## Supplied data
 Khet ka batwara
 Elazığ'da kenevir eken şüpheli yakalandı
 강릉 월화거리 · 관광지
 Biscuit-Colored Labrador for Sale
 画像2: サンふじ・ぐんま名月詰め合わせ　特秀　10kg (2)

* * *

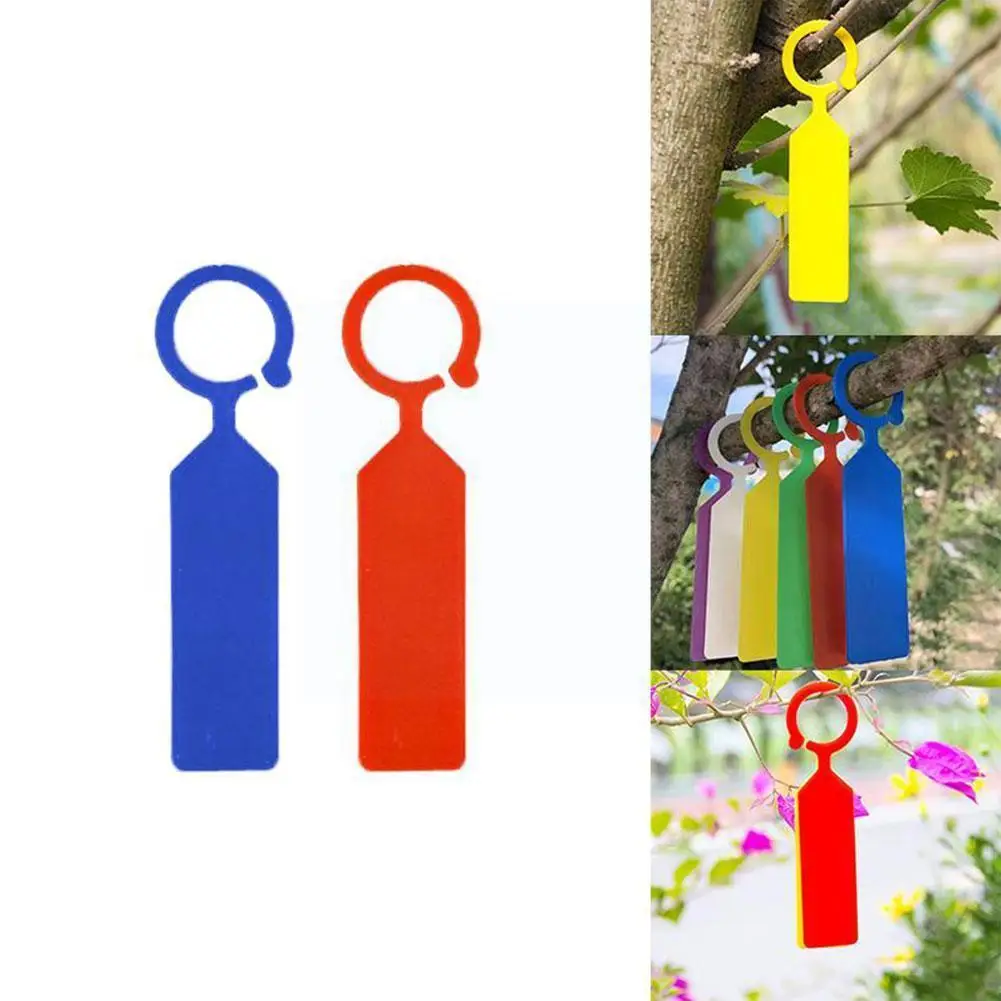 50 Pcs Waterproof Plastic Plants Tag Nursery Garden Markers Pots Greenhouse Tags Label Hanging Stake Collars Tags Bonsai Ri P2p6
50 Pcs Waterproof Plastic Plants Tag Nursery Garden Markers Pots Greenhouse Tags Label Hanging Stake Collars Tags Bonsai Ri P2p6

## What you need to do
Send back an exact copy of only the lines from the line with "Khet ka batwara" up to and including the line with "画像2: サンふじ・ぐんま名月詰め合わせ　特秀　10kg (2)" in the data above.

## Written solution
 Khet ka batwara
 Elazığ'da kenevir eken şüpheli yakalandı
 강릉 월화거리 · 관광지
 Biscuit-Colored Labrador for Sale
 画像2: サンふじ・ぐんま名月詰め合わせ　特秀　10kg (2)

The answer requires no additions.